Ce mardi 9 juillet, jour de l’indépendance du pays, et pendant plus de deux heures, 7 000 soldats et 70 véhicules ont parcouru la large avenue arborée, survolée par 62 avions de chasse et hélicoptères, sous les cris de « vive la patrie ! » des centaines de milliers de personnes venues braver le froid en cet hiver austral.
Excepté sous le gouvernement de Mauricio Macri (droite, 2015-2019), la tradition du défilé militaire avait été abandonnée pendant les mandats péronistes (centre gauche) de ces deux dernières décennies, au profit de grandes célébrations populaires. « Quel plaisir de voir un acte patriotique avec des fanfares militaires, des grenadiers, l’armée de terre, l’armée de l’air et les héros de la guerre des Malouines, a tweeté Agustin Romo, député du parti du président, La Libertad Avanza. Nous laissons enfin derrière nous les défilés de travestis communistes et drogués. »
Sur le char, bras levés, Javier Milei a des raisons d’exulter. Quelques heures plus tôt, à 1 200 kilomètres de là, à San Miguel de Tucuman, capitale de la province du même nom, il posait aux côtés de dix-huit des vingt-quatre gouverneurs du pays, tous de l’opposition, qui venaient de signer son « pacte de mai », un document en dix points destiné à « remettre [le peuple argentin] sur le chemin du développement et de la prospérité ».
Contre toute attente, le président a réussi à obtenir ce qu’il attendait depuis des mois : l’adhésion des gouverneurs à son projet. Formant une haie d’honneur de part et d’autre du chef de l’Etat, dans la Maison historique de Tucuman, où a été signée l’indépendance le 9 juillet 1816, les dix-huit hommes ont, tour à tour, ratifié le document dans une mise en scène soignée. « Le gouvernement veut montrer de manière surjouée son idée de refondation du pays, avec des symboles forts comme le “pacte de mai” ou le défilé militaire, explique Pablo Ortemberg, historien du Conseil national de recherches scientifiques et techniques et professeur à l’université nationale de San Martin. Il dit haïr l’Etat et vouloir le détruire, mais il est amoureux des symboles de l’Etat. »

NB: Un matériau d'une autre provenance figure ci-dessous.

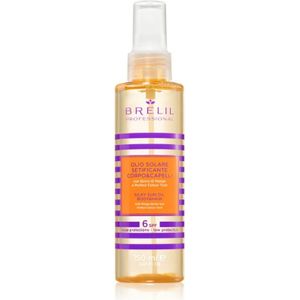 Brelil Professional Invisible Sun Micro-Protector Spray Olie voor haar en lichaam 150 ml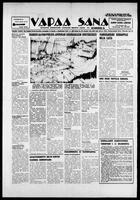 Vapaa Sana, January 23, 1975
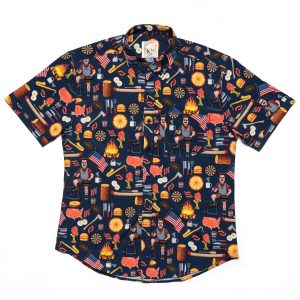 Ron SwansonS Hawaiian Shirt Of Greatness .
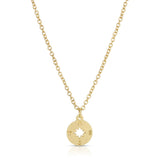 Lucky Feather | Amazing Mom Compass Necklace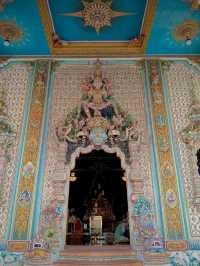 วัดปริวาสราชสงคราม วัดสวยย่านพระราม3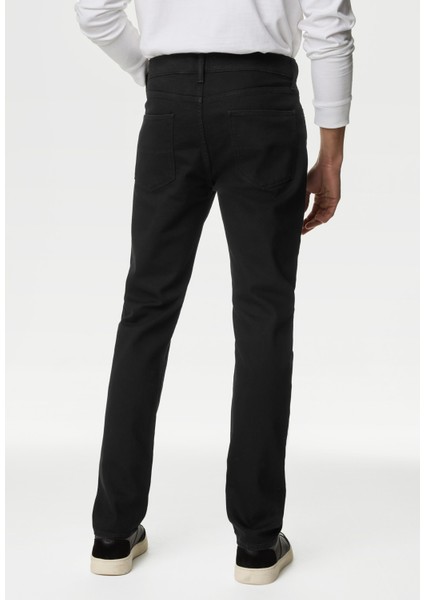 Slim Fit Streç Jean Pantolon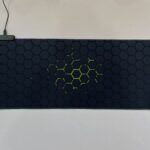 موس پد لانه زنبوری RGB 30x80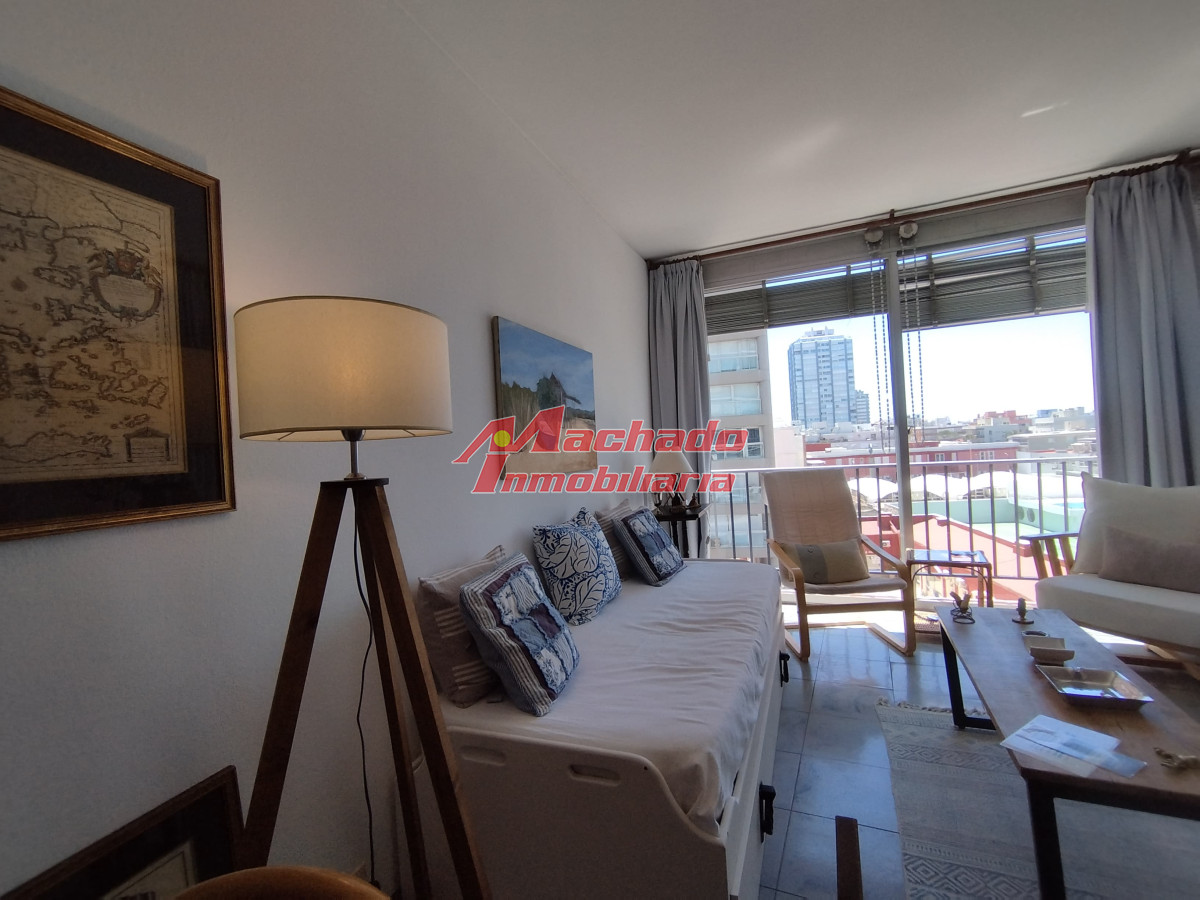 Alquiler de apartamento de 1 dormitorio en Punta del Este
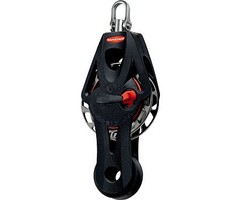 Ronstan Series 55 RT Orbit Block, Fiddle Becket Swivel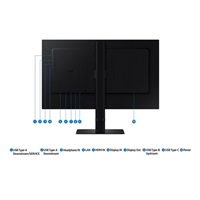 SAMSUNG MT LED LCD 24" ViewFinity S6 (S60UD) QHD, USB-C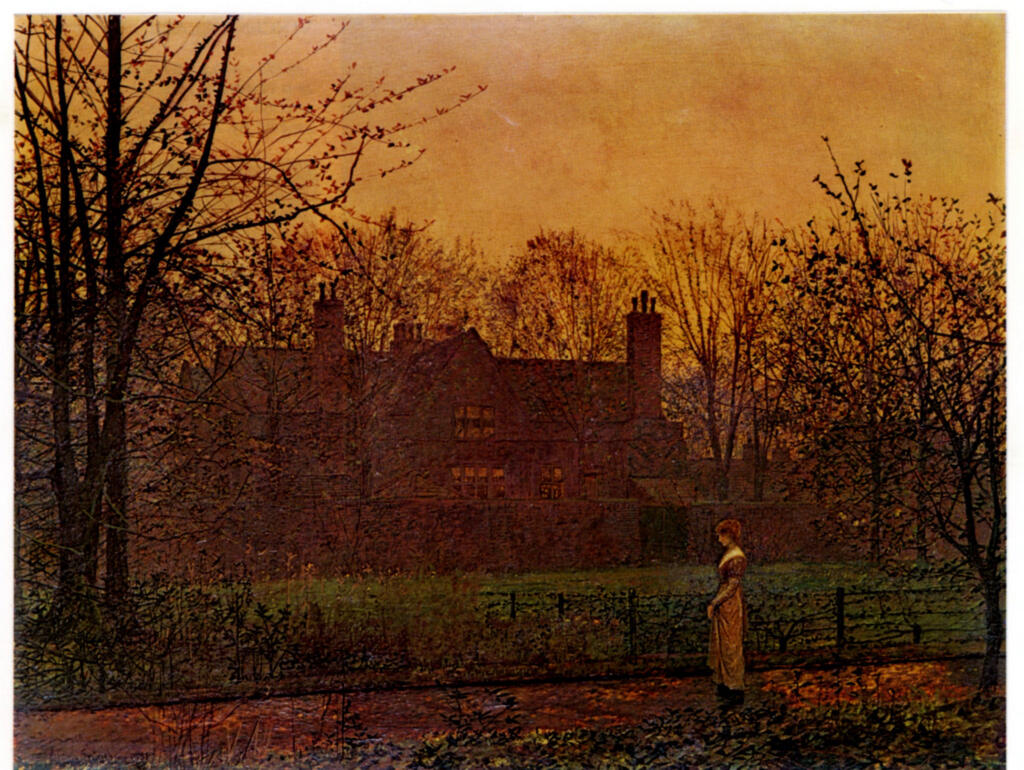 Grimshaw, John A. , The Child of Autumn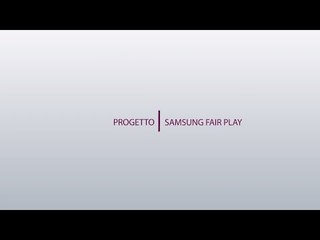 Conferenza stampa - Samsung Fair Play
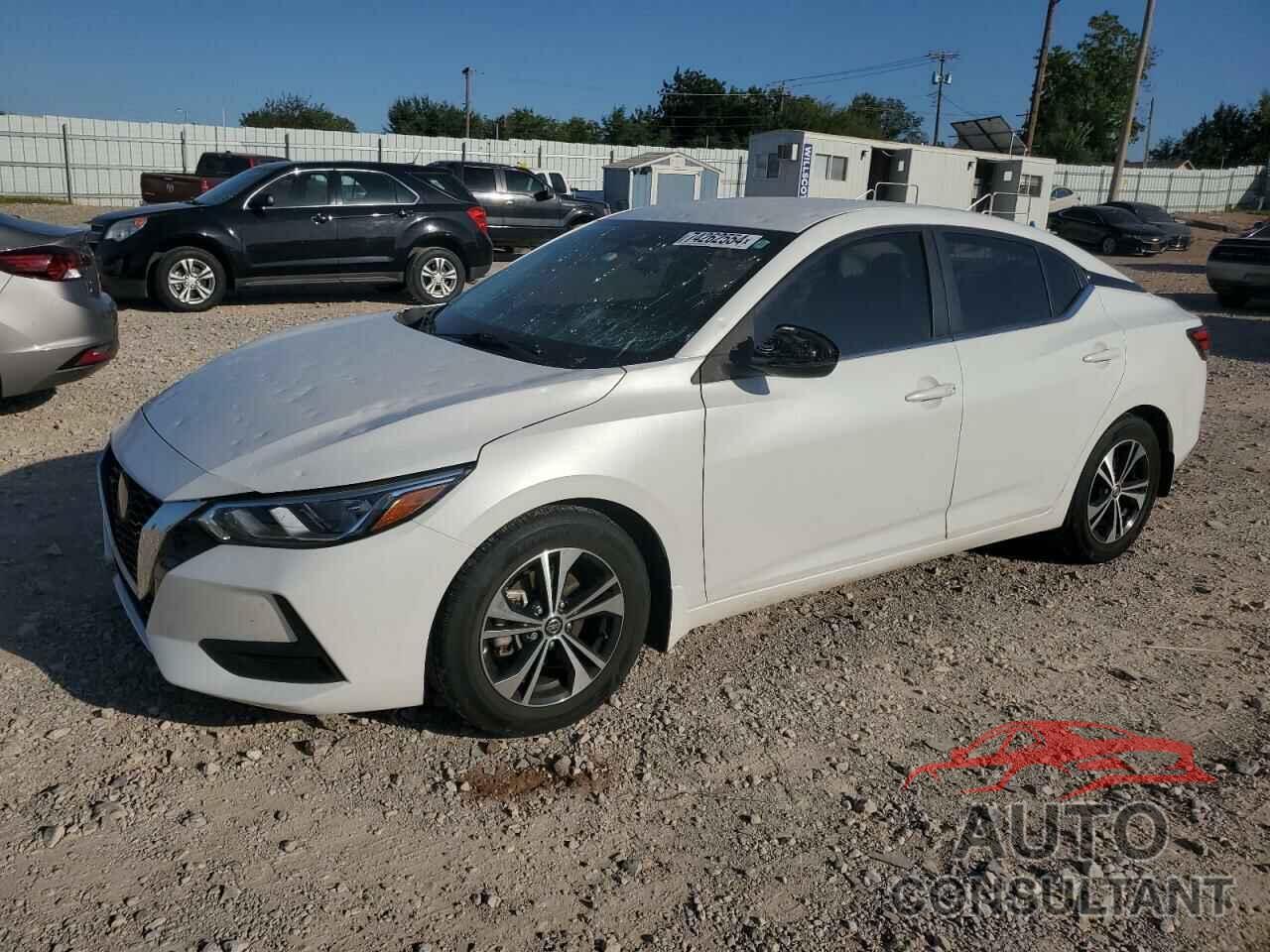 NISSAN SENTRA 2022 - 3N1AB8CV7NY265437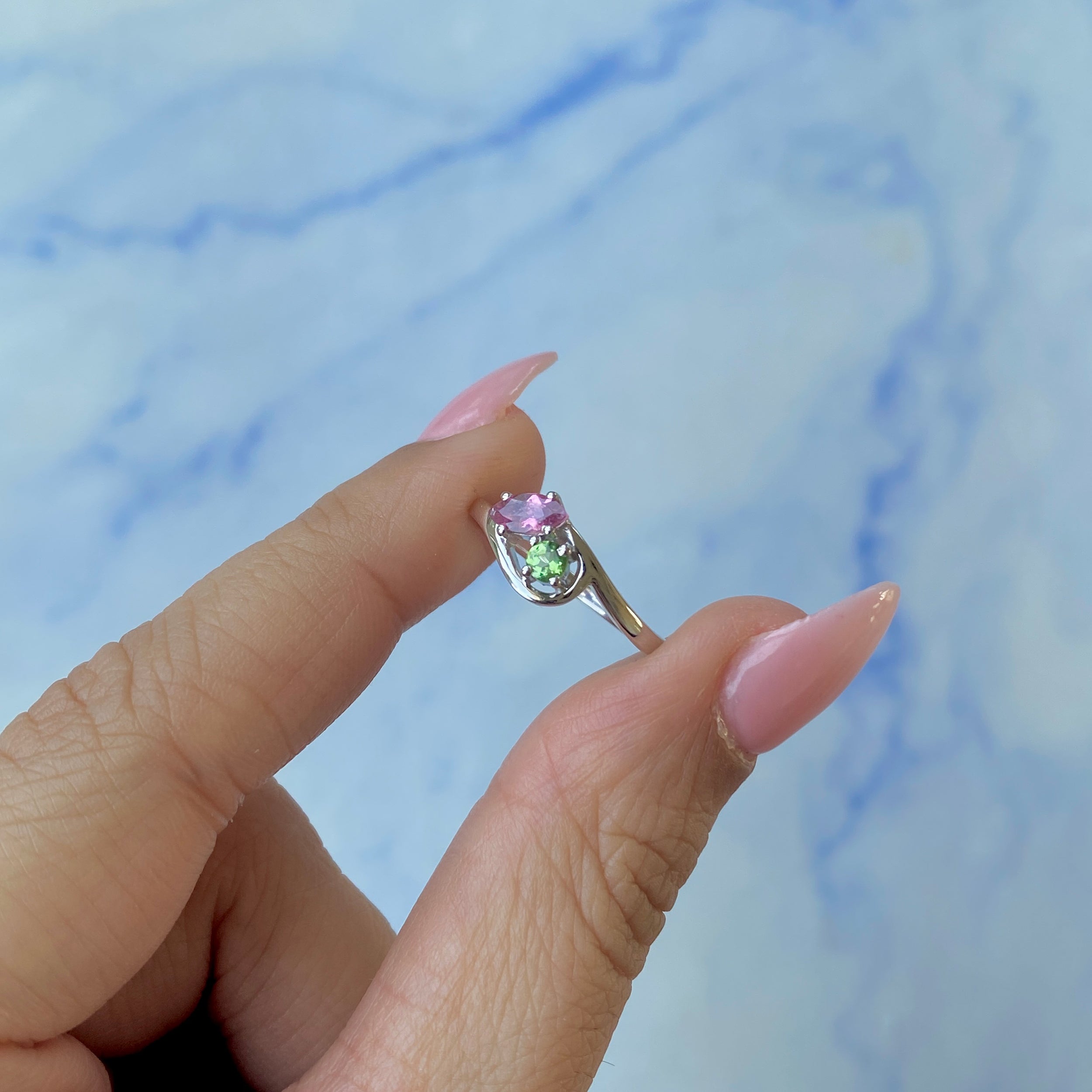 Tourmaline Ring-(TRM-SR-2611)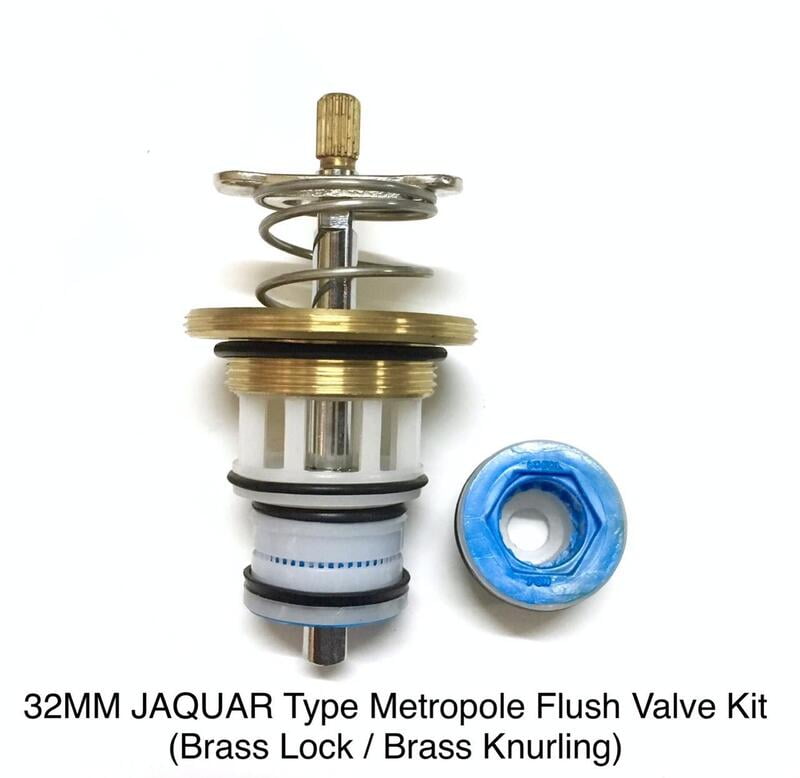 32mm (1.25") Jaquar Type Metropole Flush Valve Kit | Piston Set / PE-J-32mm-1090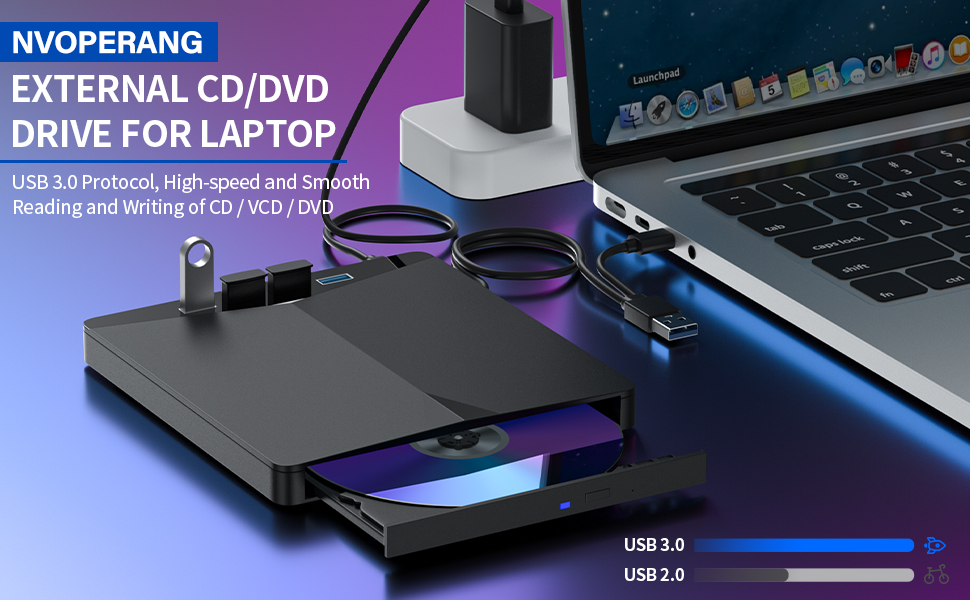 cd rom external drive for laptop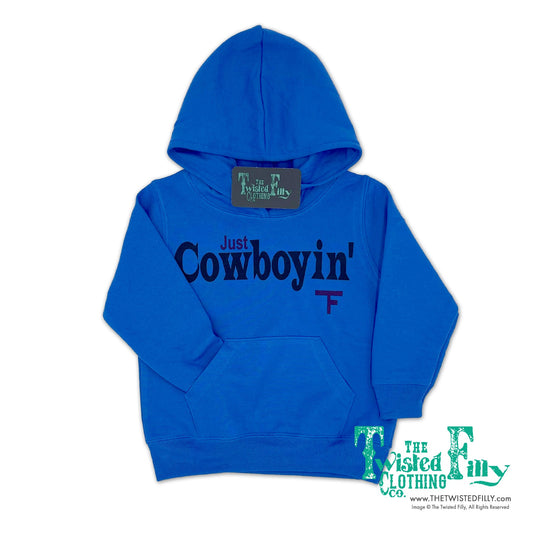 Just Cowboyin' - Youth Hoodie (7 Pcs)
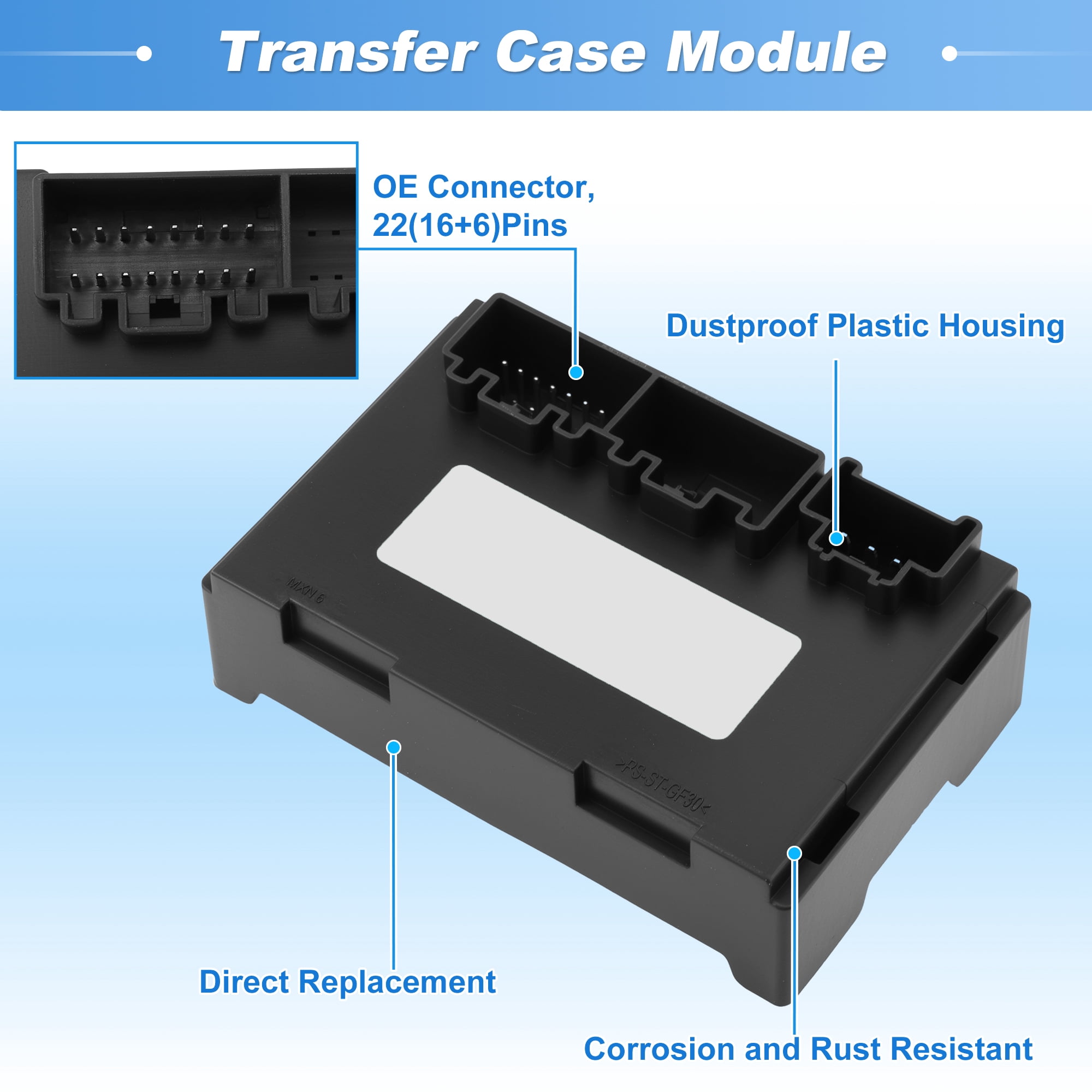 Unique Bargains Transfer Case Control Module for Jeep Grand Cherokee 2016-2018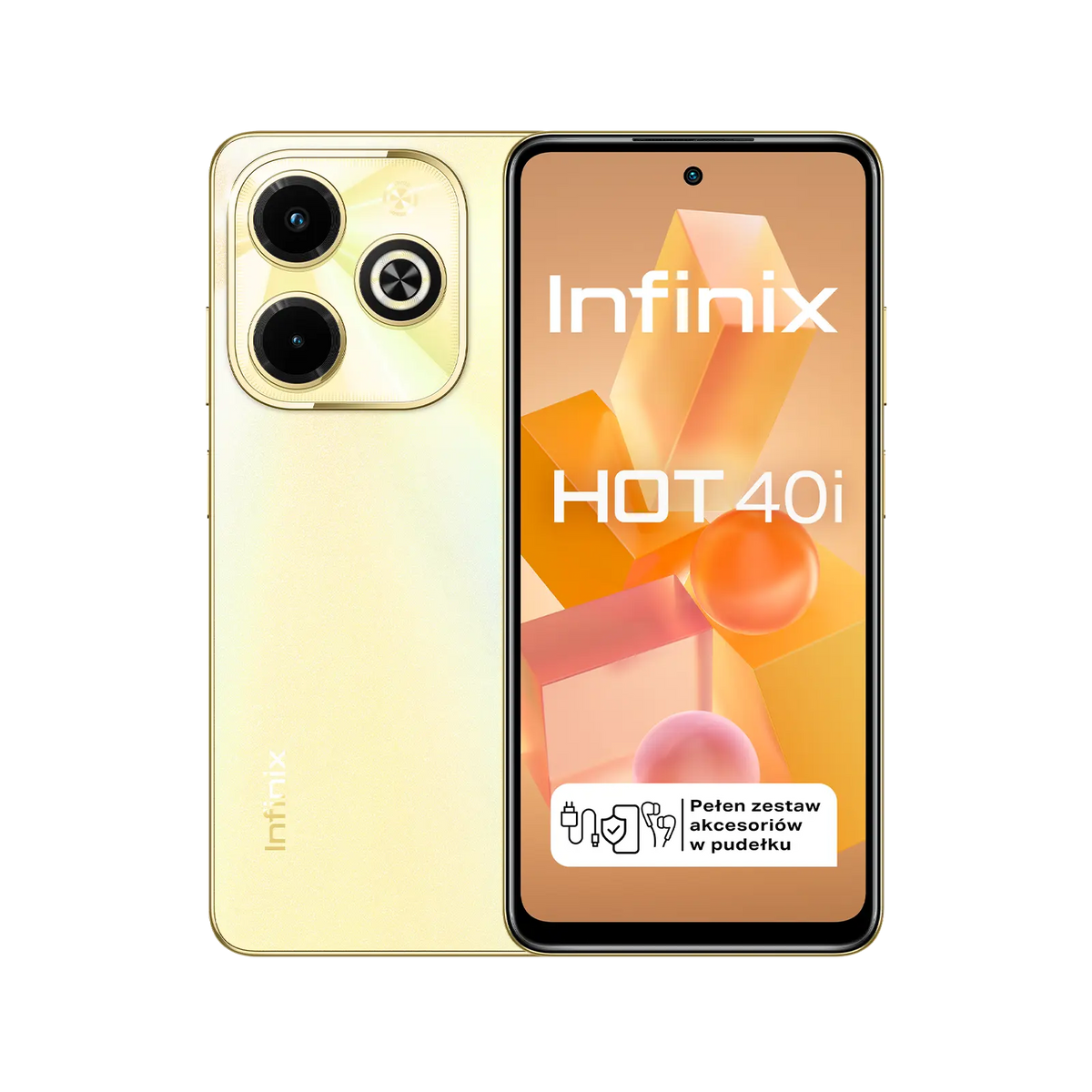 Smartfon Infinix HOT 40i.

Javier Milei avait espéré que le texte soit signé le 25 mai, une autre fête nationale argentine – d’où le nom de l’accord. Il aura finalement dû attendre deux mois d’âpres négociations. « Nous annonçons le début d’un nouvel ordre pour notre pays », a-t-il déclaré, triomphant, lors d’un discours prononcé peu après minuit.